As a normal and, one might say,
beautiful
baby, the newborn stood about two and a half feet tall at the shoulders and weighed slightly under 150 pounds. She was battleship gray (bright pink behind her ears), with baggy pink skin bunched at her knees like a child in her grandpa’s long underwear. The hair on her head—a frizzy, wine-colored cap—gave her a confused, sleepy look, like someone whom the inconvenience of birth had startled out of a delicious dream. Standing in the shadow of her mother’s flanks, she explored her own being with a dubious mien.
She swayed her trunk as if it were a deadweight. An irritable look in her sharp brown eyes seemed to say,
This
whatever
it is on the front of my face is a mistake. Please, whoever gave it to me, remove it.
She had no control over the trunk’s finer functions and only a modicum of command over the larger of its forty-thousand muscles. For now it was plainly a nuisance. She stepped on it with a squeak of pain. It got in the way of her mouth, suckling her mother’s breasts. She slept on it under her head when she lay down. It altogether seemed to be a bother, and would remain a bafflement for some time to come.
Her map-of-Africa ears, rubbery and pinned to her head, soon flared and startled her. Their purpose too was hard for her to grasp. She could see them with her peripheral vision, and when their shadows fell on the Kalahari sands, she spooked, screamed, and ran to find her mother.
Her legs were long, thin, and unsteady. In the coming weeks she would watch the older females cross their back
legs at the knees while standing in repose, and when she tried to imitate them, she would fall over on her side. Her legs commanded her in directions she did not wish to go, like someone at the mercy of strong gusts of wind.
Her broad forelegs were like cumbersome round winter boots encasing the dainty feet of a ballerina
on pointe.
She could feel herself walking gracefully on tiptoes, but when she looked down she saw only tree stumps. She could not even glimpse her tail, which hung down from the end of her ridged spine like a short hemp strand with a frizzy, blown-apart tip that resembled nothing so much as an exploded trick cigar. Neither could she see around her bowed sides how the skin under her tail and around her back thighs drooped like oversize trousers slipping down to her knees.
As a whole, if her mother or her aunties had whispered to her in those first hours after her birth that God had drawn her as a silly cartoon, she would have had to agree. She possessed no sleekness, no aerodynamics, no impression of grace or speed or agility.

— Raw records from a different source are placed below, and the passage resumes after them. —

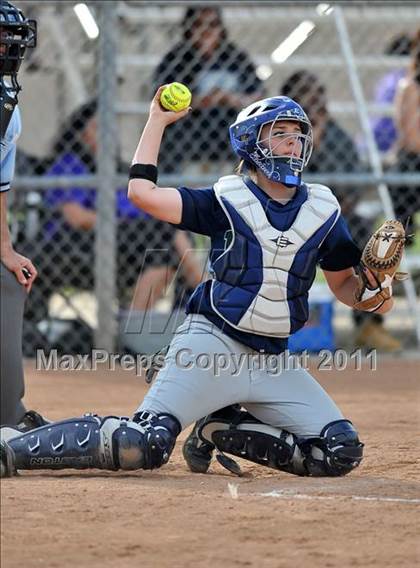 Thumbnail 2 in Chino Hills @ Charter Oak photogallery.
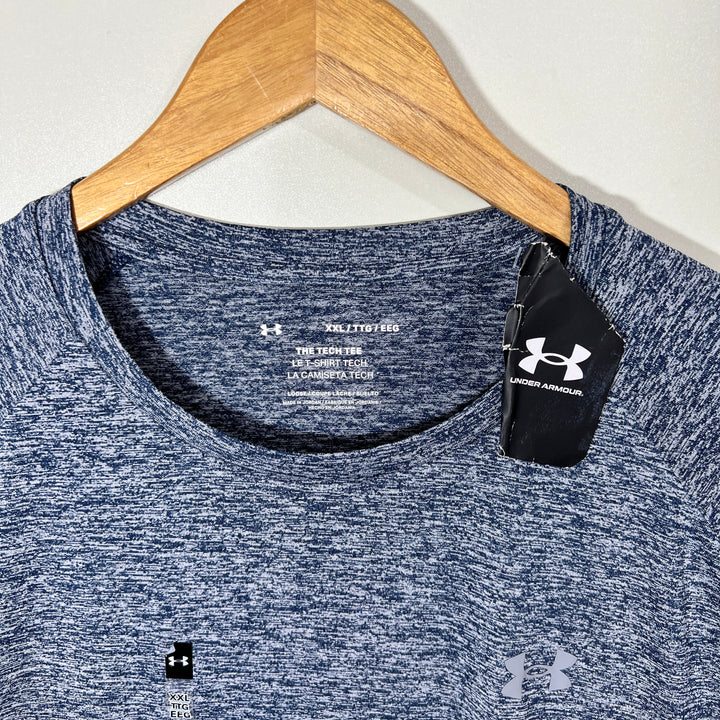 UNDER ARMOUR SPORT TSHIRT BRAND NEW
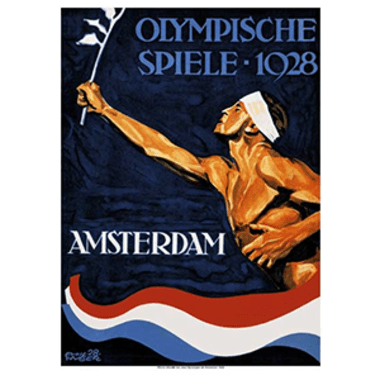 Medagliere Olimpiadi Berlino 1936 - Oro, argento, bronzo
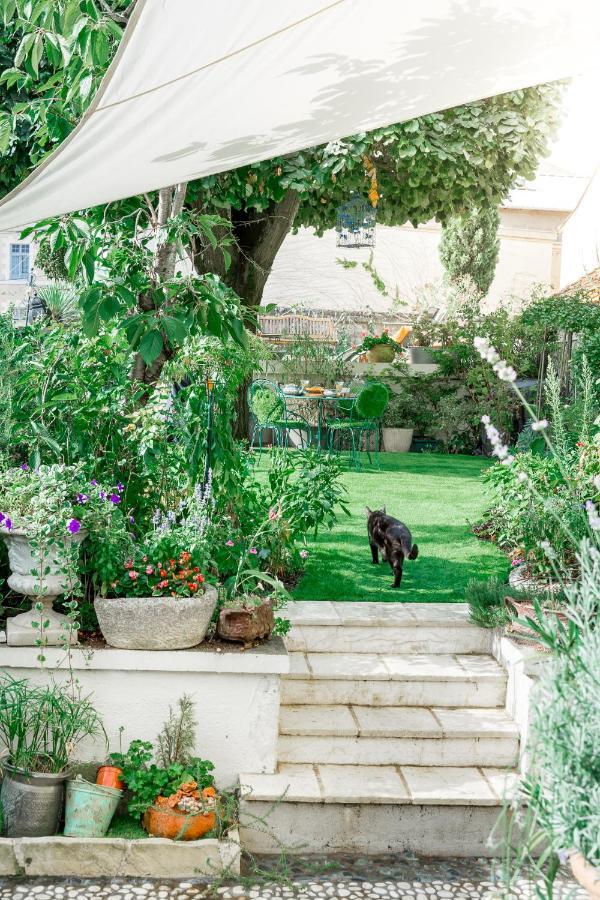 La Maison Charmante シャテルロー エクステリア 写真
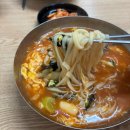 묵호 장칼국수 맛집 찾는다면 | 웨이팅 20분에도 만족했던 대우칼국수 후기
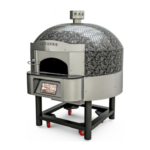 ROYAL ROTARY BASE ELECTRIC PIZZA OVEN - DYK-01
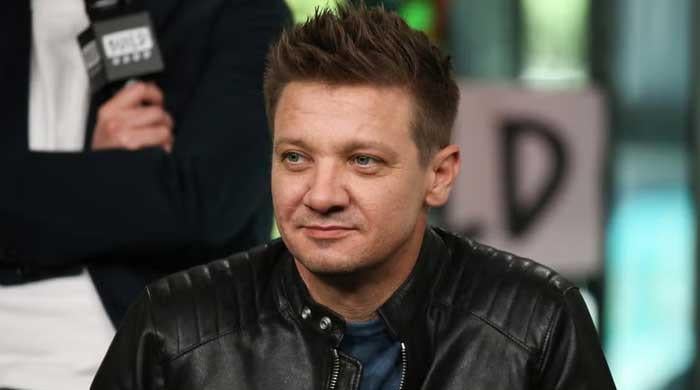 Jeremy Renner explains ‘snowplow’ accident word-to-word: ‘I was screaming…’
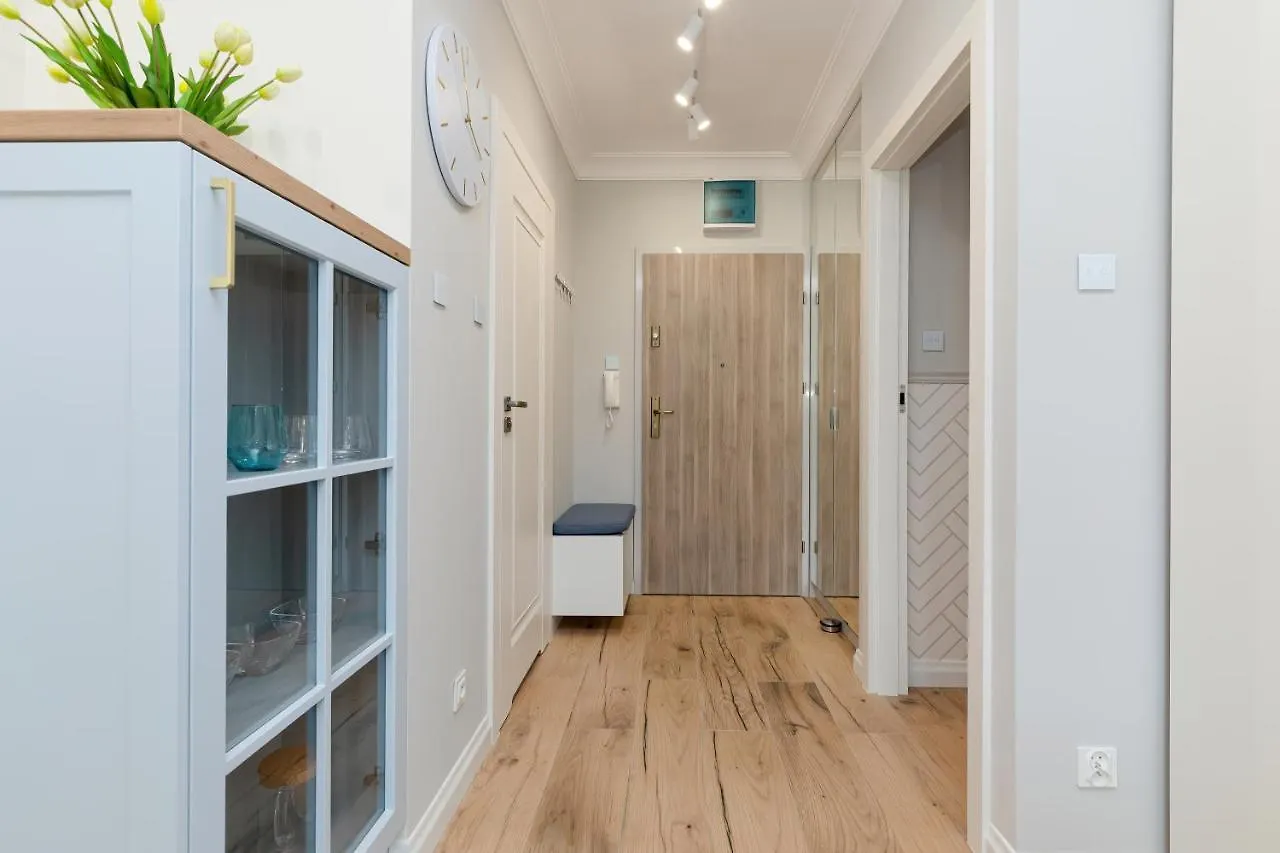 Apartamenty Osiedle Bursztynowe II by Renters Kołobrzeg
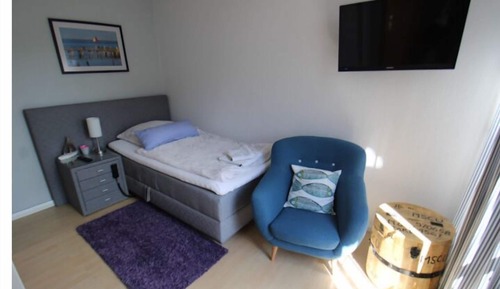 Chambre Simple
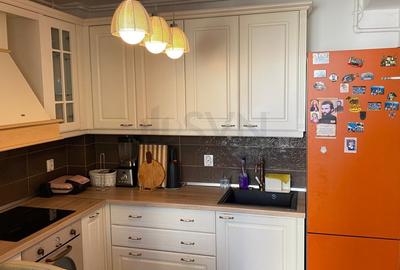 REA1027430 3 camere cu terasa Calea Calarasilor Popa Nan - 2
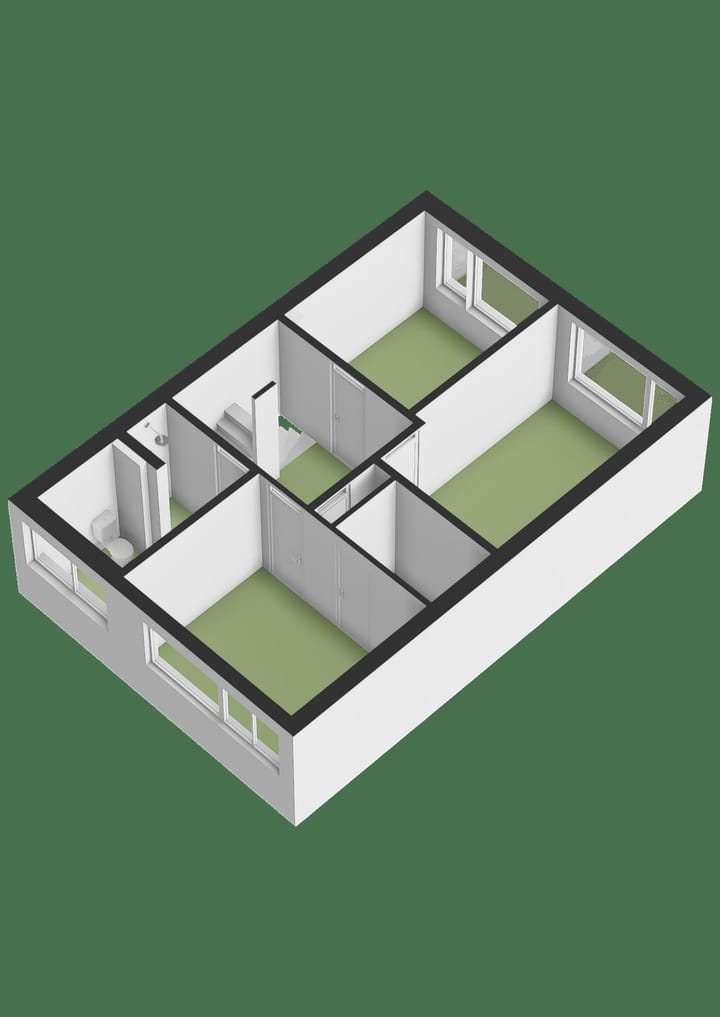 Foto 45 van Diepenbrockstraat 24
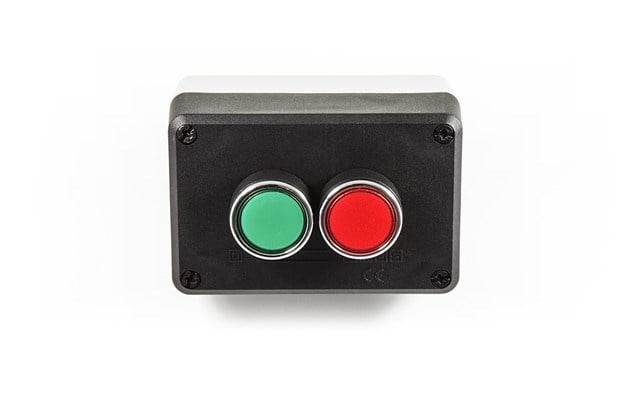 org_637618715255315958 Emas Buton Kutusu 2 Li Start-Stop - Görsel 1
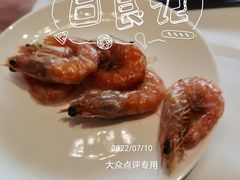 -红林大酒店RFcafe自助餐厅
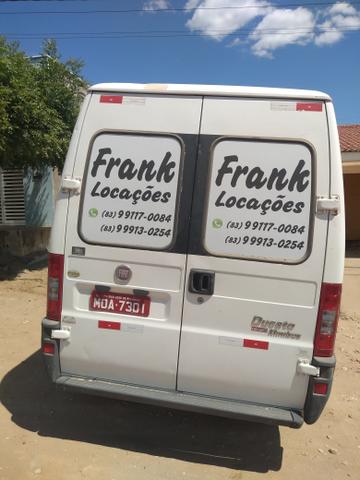 Fiat Ducato - Foto 8
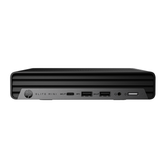 MINI PC COMPUTADOR DESKTOP HP ELITE MINI 800 G9 - INTEL CORE I5 I5-14500 DE 14ª GERAÇÃO - TECNOLOGIA VPRO - 16 GB - 512 GB SSD - MINI PC - CHIP INTEL Q670 - W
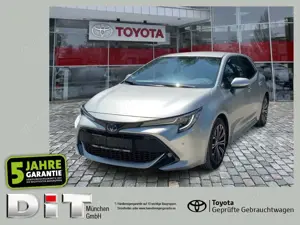Toyota Corolla 1.8 Hybrid Team D *Technik-Paket*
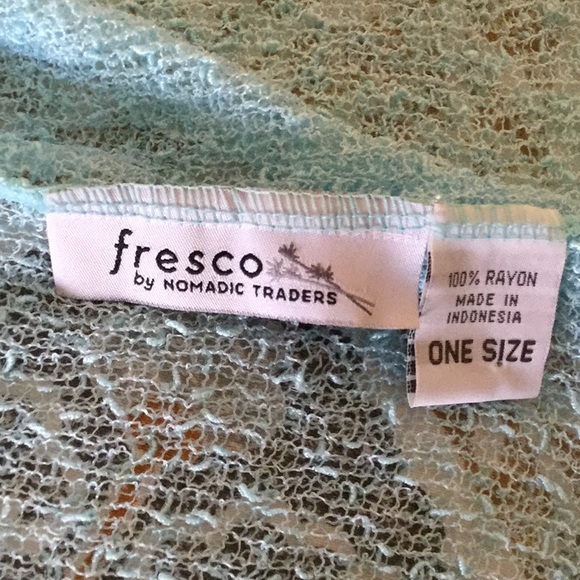 Light wrap - Picture 2 of 2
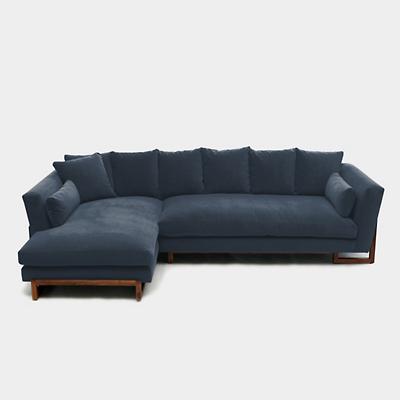 LRG Sectional Sofa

Though her mother, as a young adult, had grown into her mature elephant proportions, she, like all elephants, would continue to expand in size and weight throughout her life. She towered over her baby. Nine feet tall at her shoulders and weighing 4,400 pounds, she gave scale to the baby’s tiny size and weight. She was the image of what the baby would grow up to be over a long period of physical maturation that parallels the stages of human development.
_____
F
or now, infancy exposed in stark relief the baby’s parts: Nothing born should have had such big ears, and a nose like a hose, and such size and girth, and a tail that was hardly worthy of the name. The baby was smaller than most. Ultimately her size might shape her character: She could grow up as a runt or, by compensating for her size with intelligence and a capacity to adapt, she could become a leader. It was too soon to tell.
But Amy—as she would later come to be called—
was
already different. Her brownish, amber-colored eyes contained none of the hard darkness of the bulls or the more common dark reddish-black of other females. It was a color said to signify intelligence. Her eyes peered out of her head as if they belonged to another creature inside her baggy skin. Her baffled gaze posed the same enigma that the older female elephants raised when they would pause in unison to look skyward as a cloud floated by. According to the wise old Brahman priests in India, elephants were gods who worshiped the sun and the moon.